[Image-text web data]
════

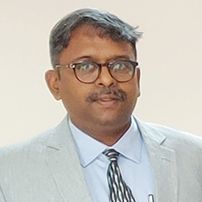 Dr. Rajan N. Khobragade I A S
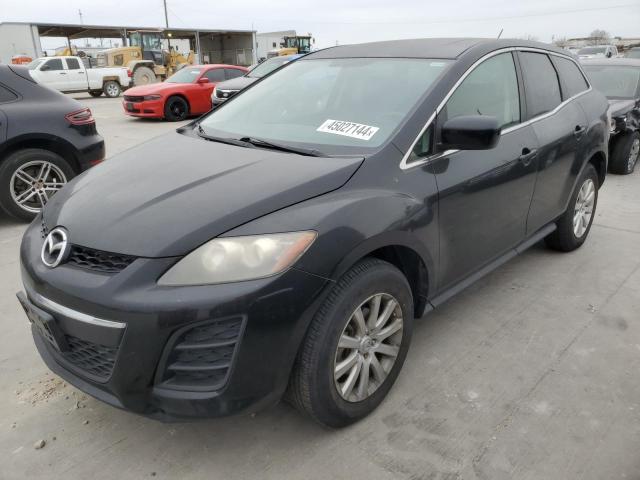 MAZDA CX-7 2011 jm3er2c52b0386154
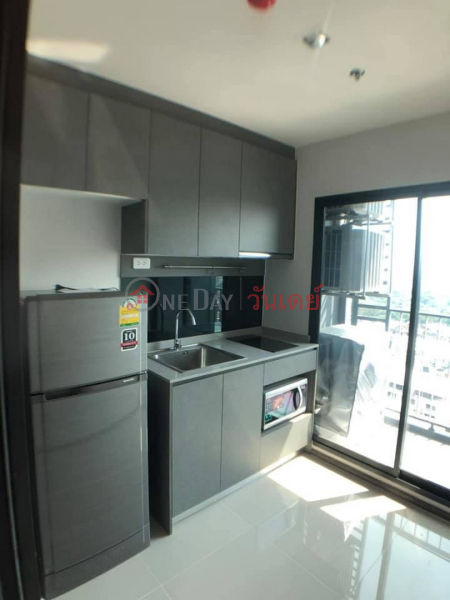 , 1, Residential Rental Listings | ฿ 24,000/ month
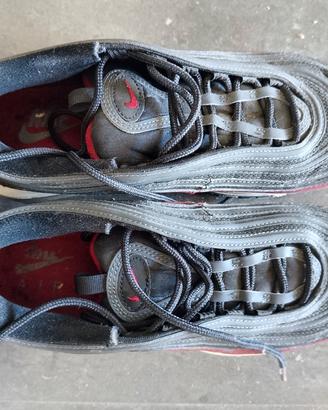 scarpe Nike air max 97 nr. 43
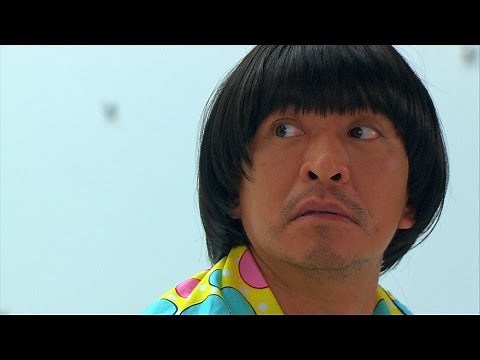 HITOSHI MATSUMOTO - Trilogía Esencial (Trailer español)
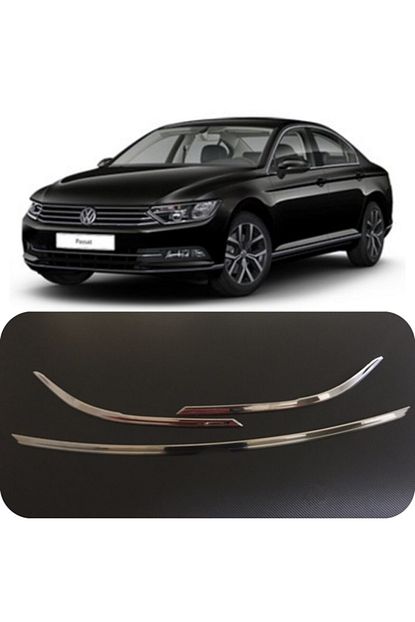 volkswagen passat b8 far kasi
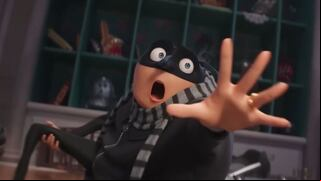 ¿Los hijos de Gru como villanos? Qué podría presentar “Mi villano favorito 5″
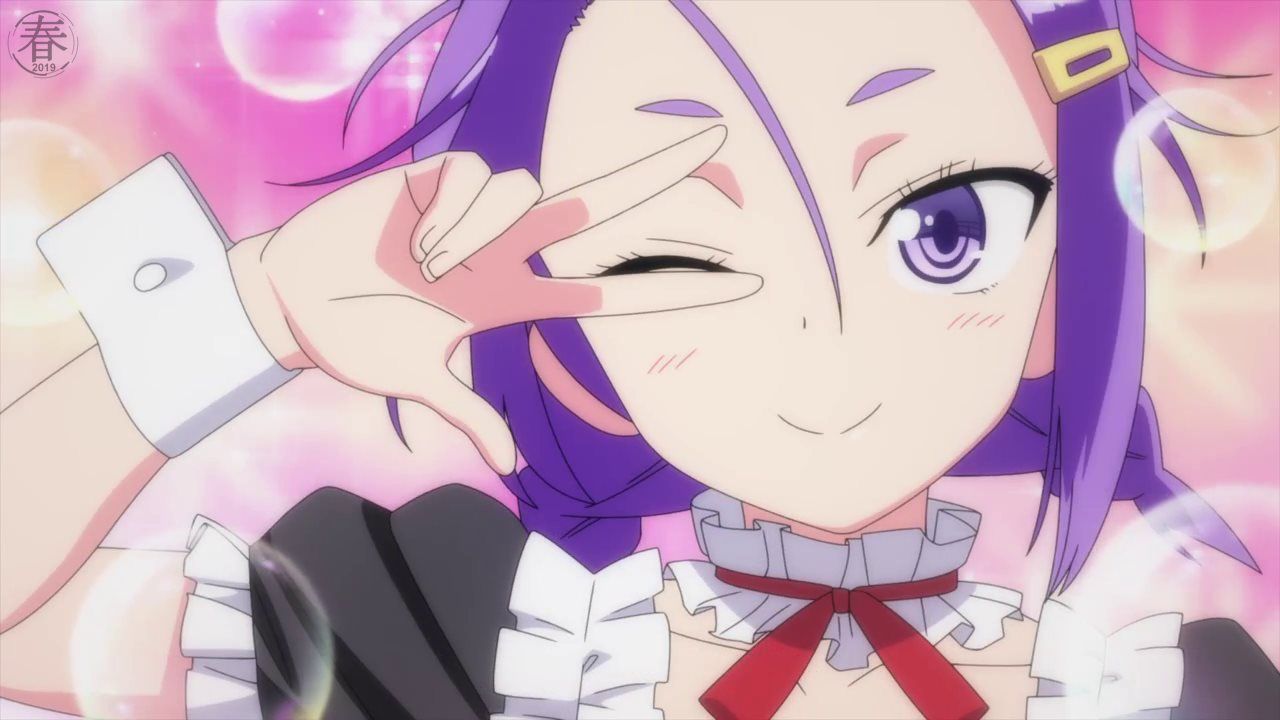 Las chicas favoritas de los japoneses de Bokutachi wa Benkyou ga Dekinai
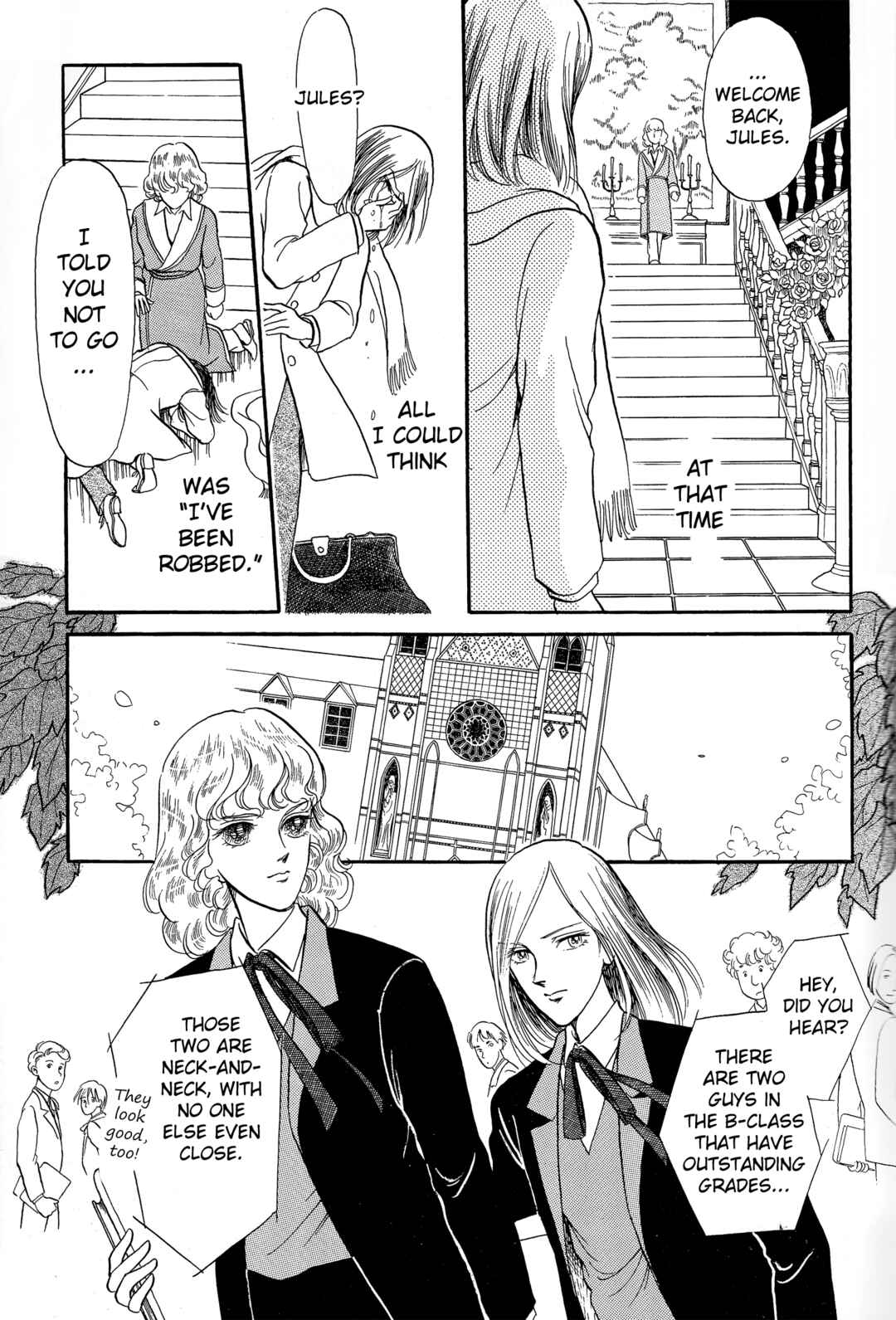 Chapter 8.5 - Page 30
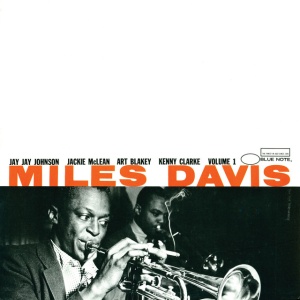 DAVIS, MILES - VOLUME 1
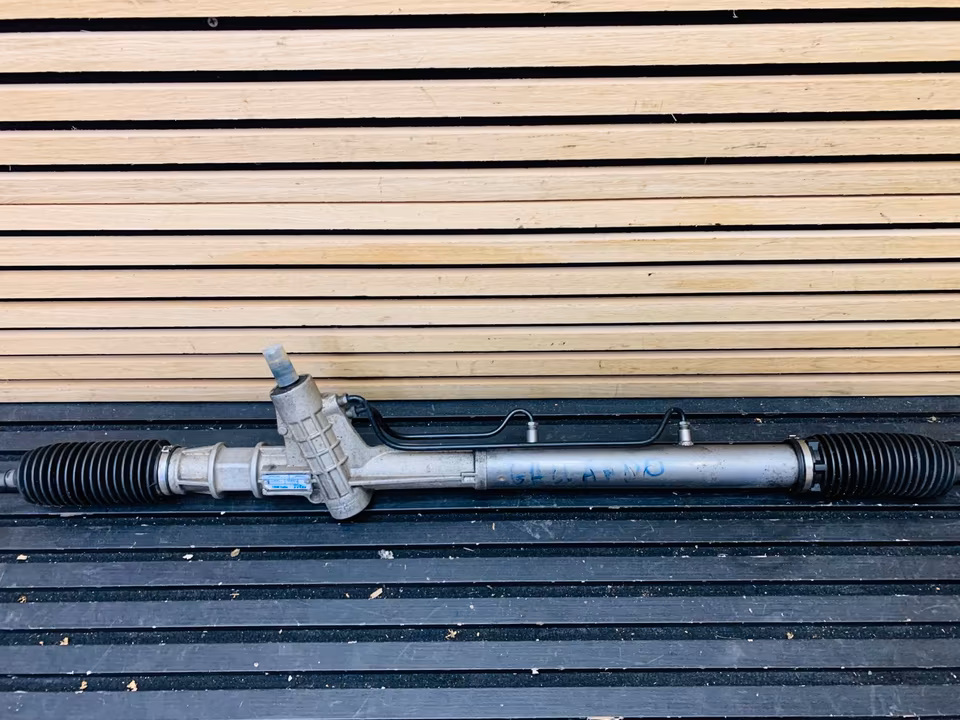 Lamborghini Gallardo steering gear 401422061D - Image 4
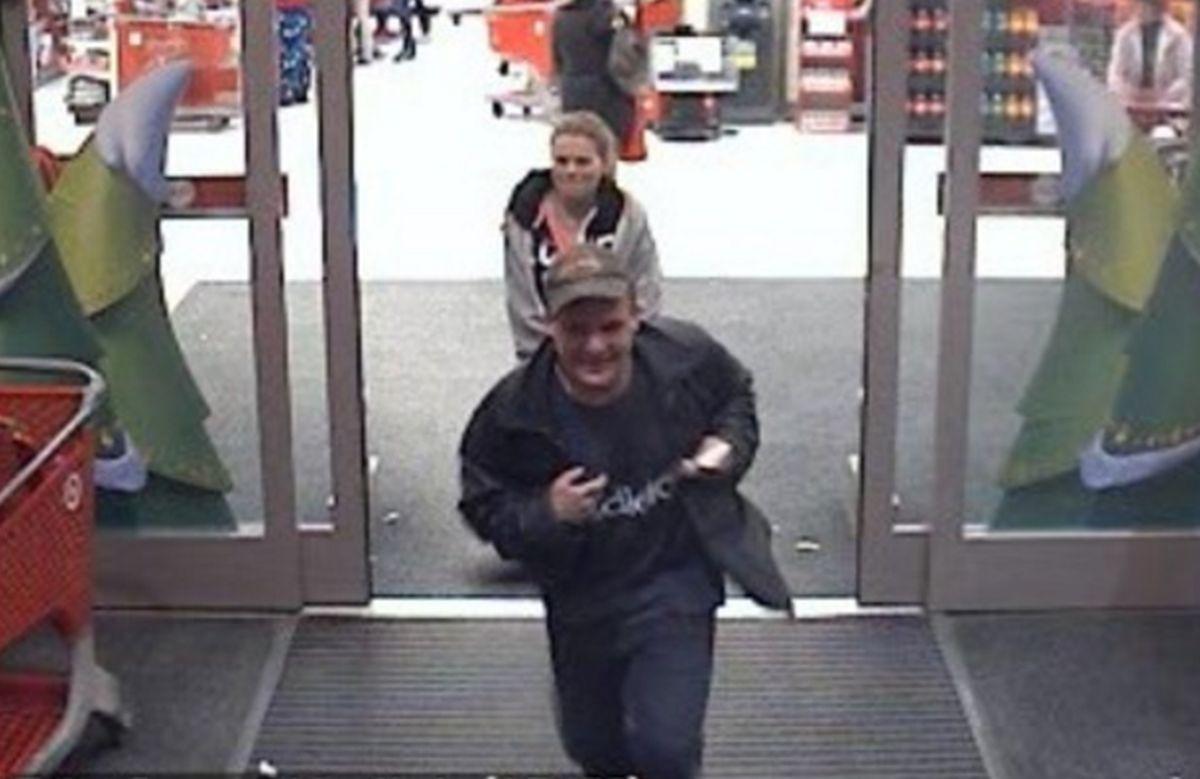 Minnesota Police Looking for Suspect Who Fired Gun From His Pants Inside a Target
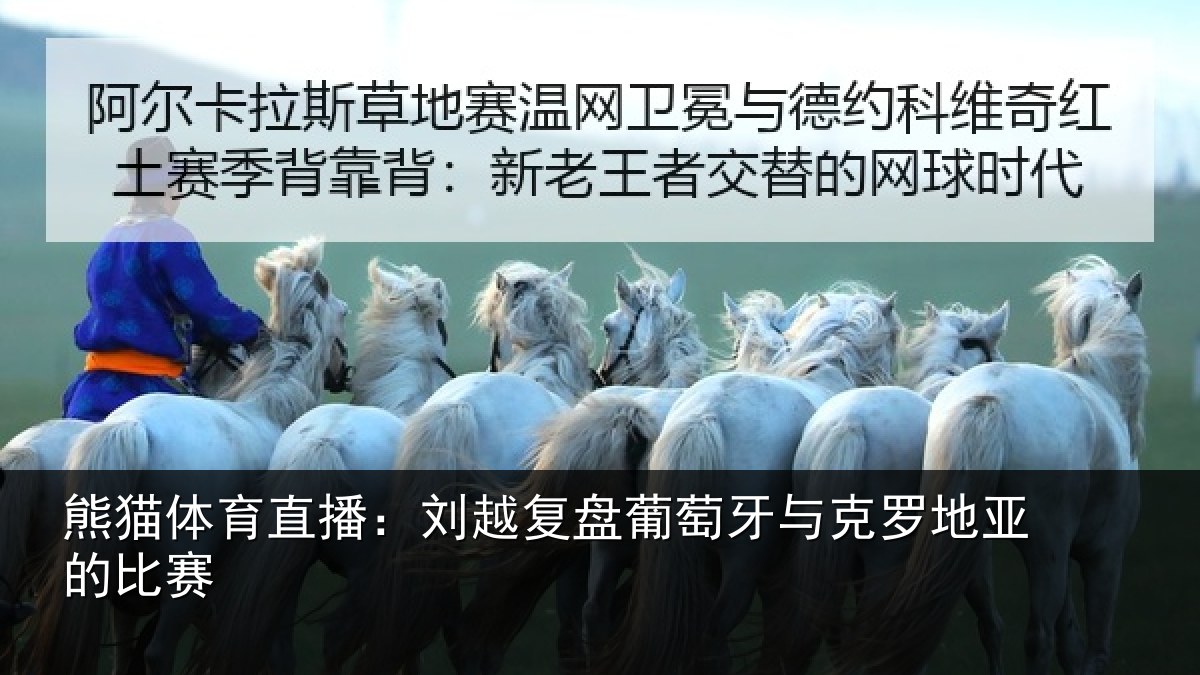 熊猫体育直播:刘越复盘葡萄牙与克罗地亚的比赛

════

TASK STATEMENT »
In the answer, include exactly the lines from the top of the entries through the line containing "villano favorito 5″", and nothing else, not even the pictures.

OUTPUT »
 Dr. Rajan N. Khobragade I A S
 MAZDA CX-7 2011 jm3er2c52b0386154
 , 1, Residential Rental Listings | ฿ 24,000/ month
 scarpe Nike air max 97 nr. 43
 HITOSHI MATSUMOTO - Trilogía Esencial (Trailer español)
 volkswagen passat b8 far kasi
 ¿Los hijos de Gru como villanos? Qué podría presentar “Mi villano favorito 5″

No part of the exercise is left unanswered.